Leave every picture out and give back the lines below from the first through the line that holds "view of patio", exactly as written.
- - - - - - -
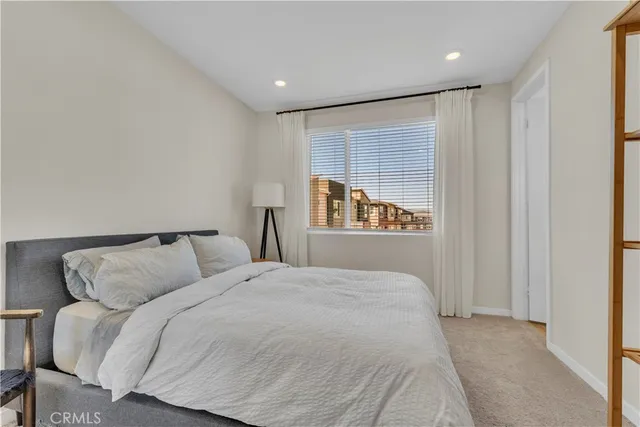 a bathroom with a granite countertop sink toilet and mirror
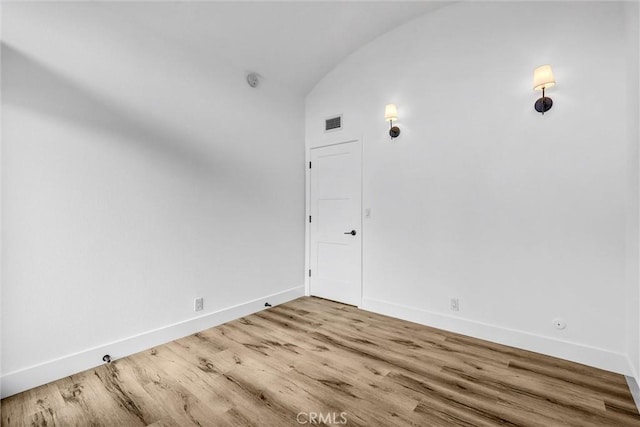 334 Tours Ln, Costa Mesa, CA 92627 - unfurnished room featuring wood finished floors and lofted ceiling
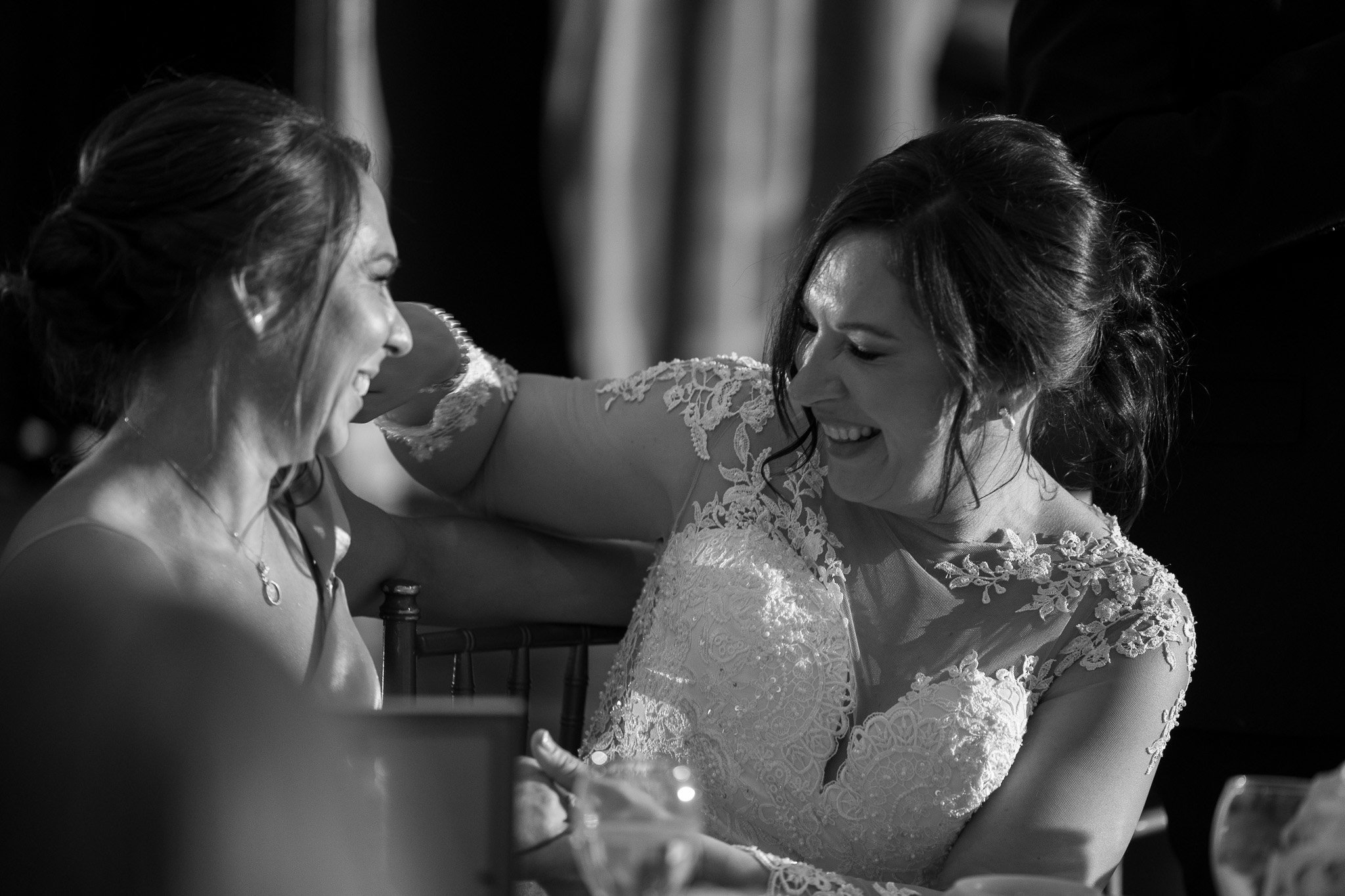 Two women in wedding dresses smiling and laughing, sitting closely together at a celebration or wedding reception.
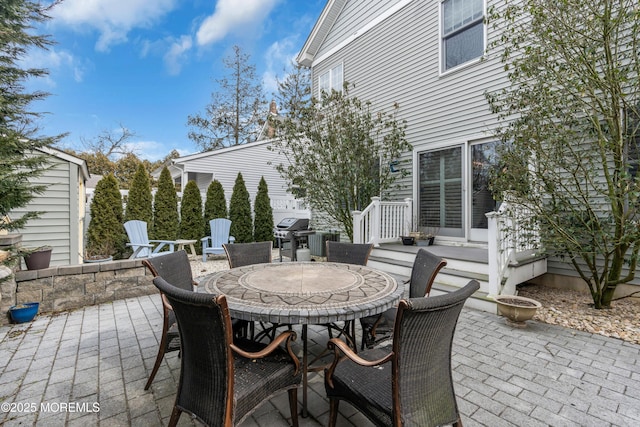 view of patio with outdoor dining space and a grill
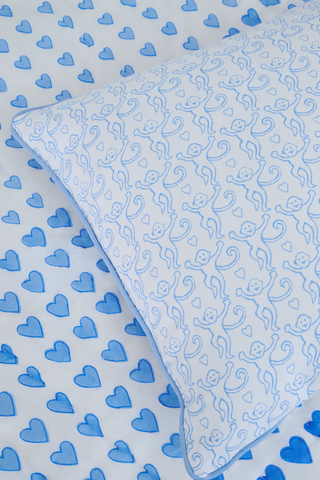 The Monkey Decorative Pillow by Roller Rabbit is a square cotton throw pillow with a light blue background, abstract swirling blue lines, and neatly finished edges in darker blue piping—an elegant addition to any space.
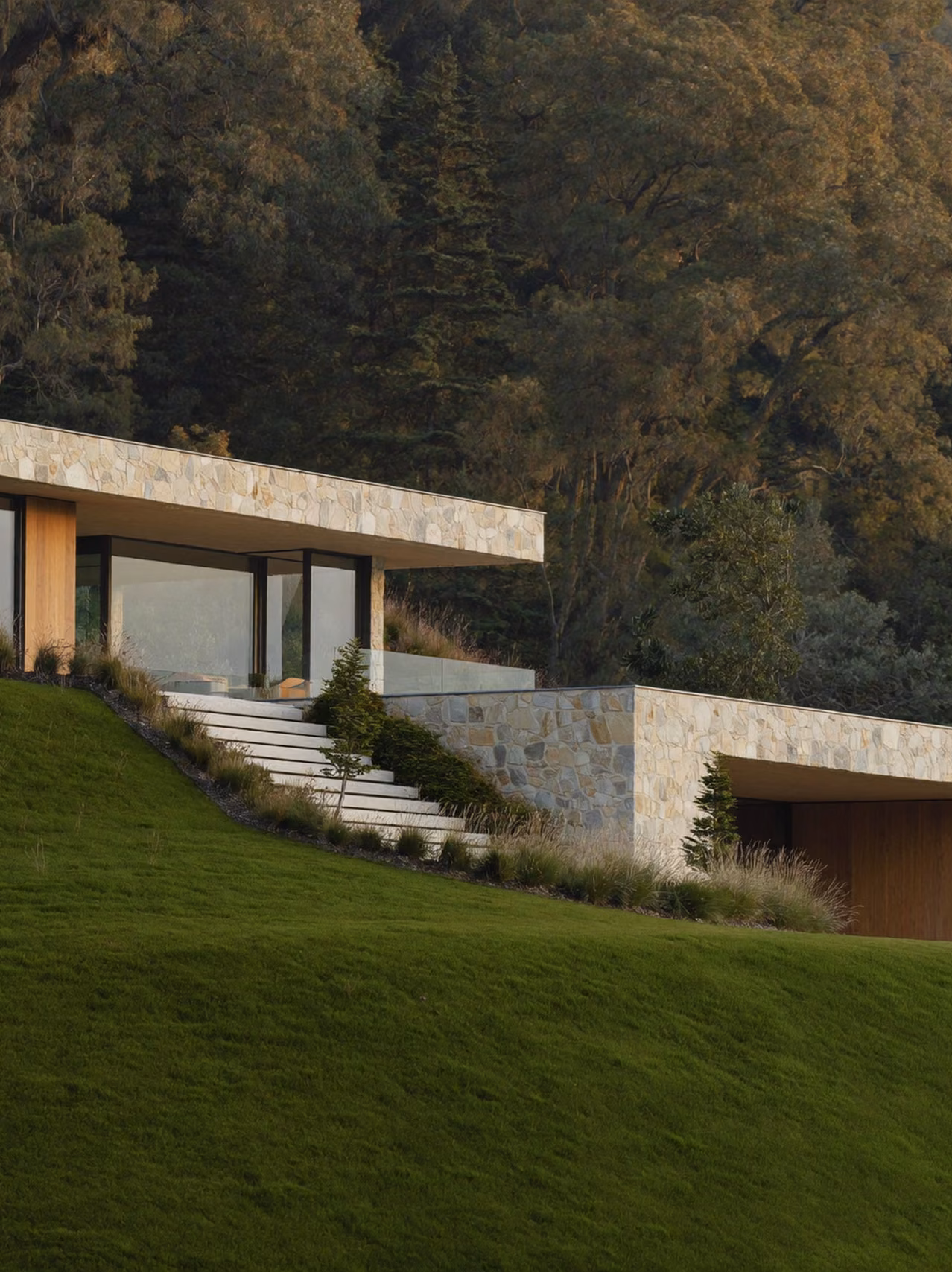 Modern limestone building on a green hillside in soft morning light.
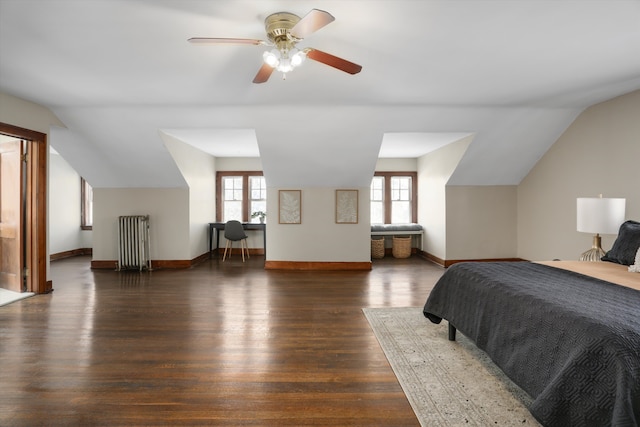 bedroom featuring multiple windows, dark wood-type flooring, and lofted ceiling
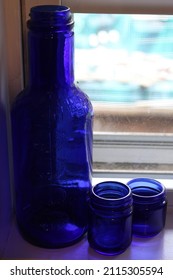 Cobalt Blue Glass Bottles On A Windowsill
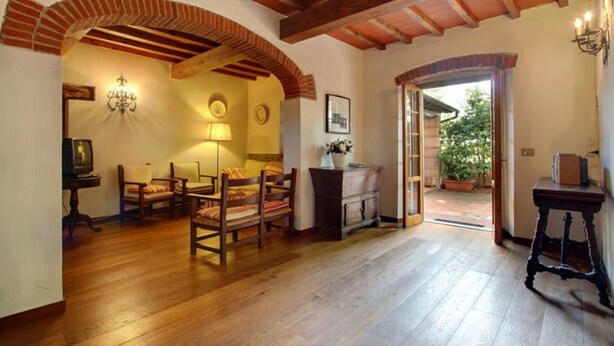 Una sala de estar acogedora con pisos de madera, una chimenea y un comedor con sillas y una mesa.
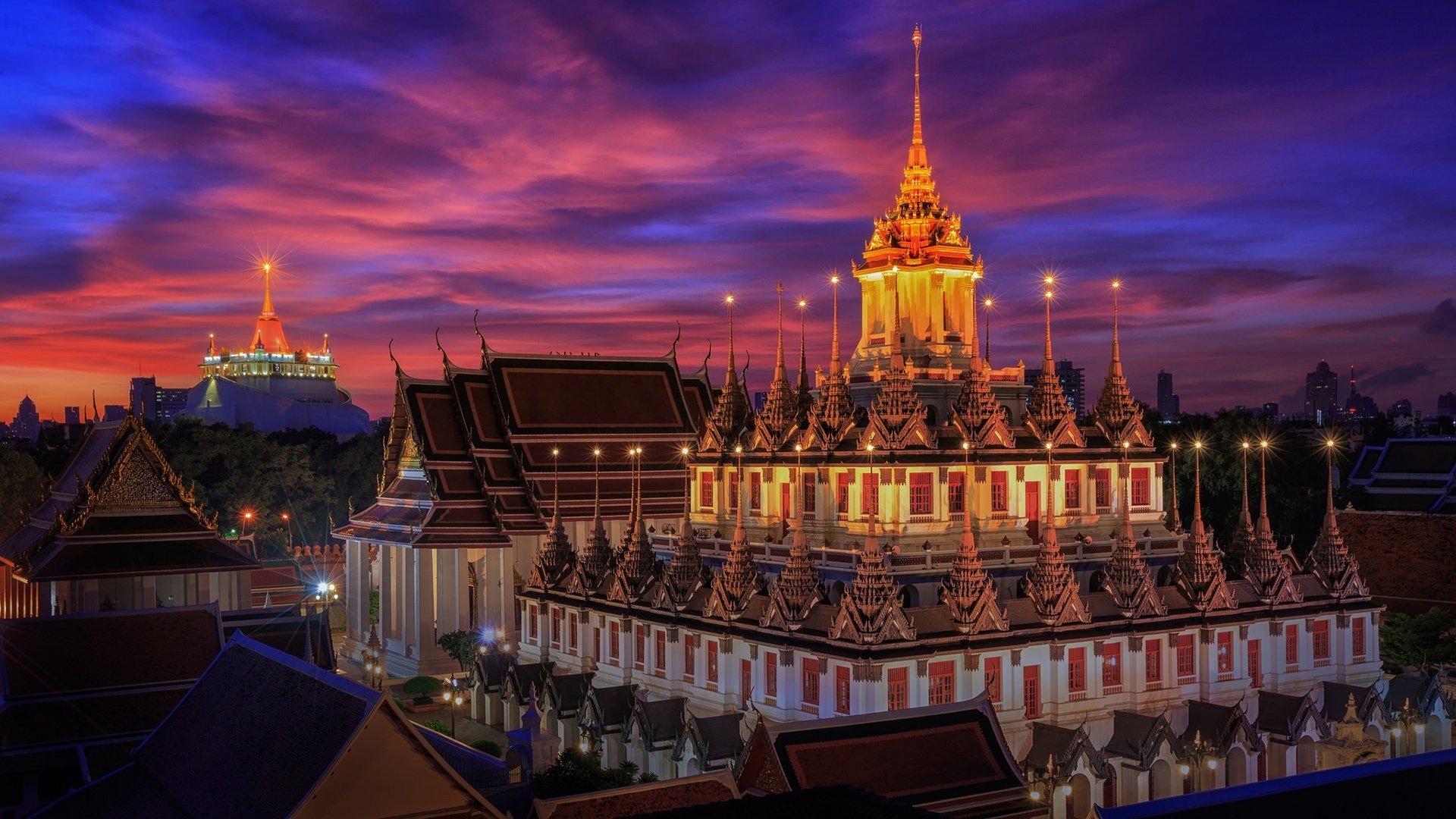 Bangkok: Wat Ratchanatdaram, Located at the intersection between Ratchadamnoen Klang and Maha Chai Road, in Phra Nakhon district. 1920x1080 Full HD Background.
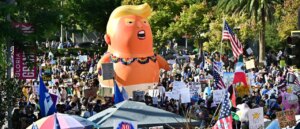 police-arrest-man-after-cell-phone-video-shows-attack-on-man-wearing-inflatable-trump-costume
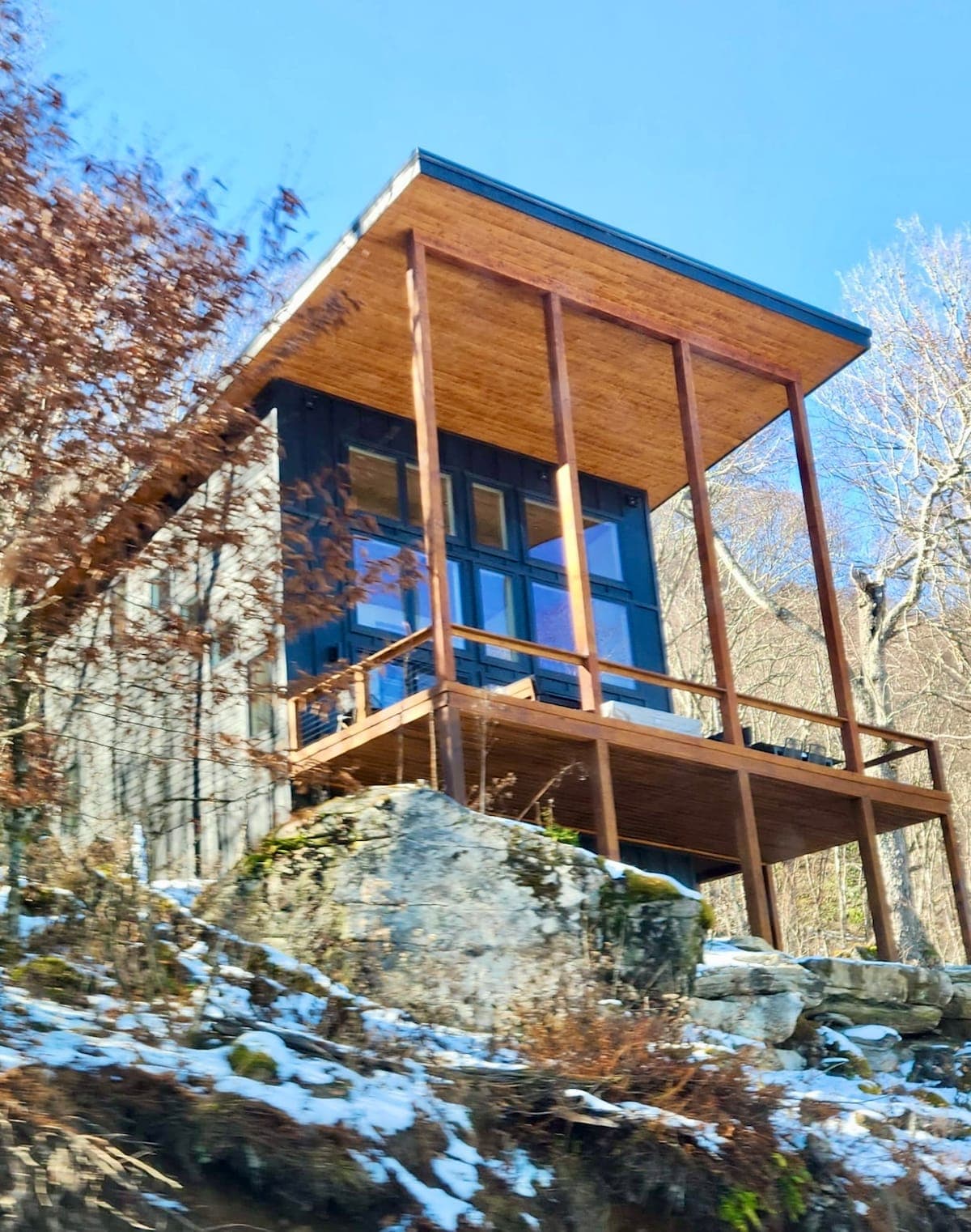 Exterior of a modern mountain rental perched on a rock ledge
- - - - - - -
> **WRITTEN REPLY**:
 a bathroom with a granite countertop sink toilet and mirror
 334 Tours Ln, Costa Mesa, CA 92627 - unfurnished room featuring wood finished floors and lofted ceiling
 Two women in wedding dresses smiling and laughing, sitting closely together at a celebration or wedding reception.
 view of patio with outdoor dining space and a grill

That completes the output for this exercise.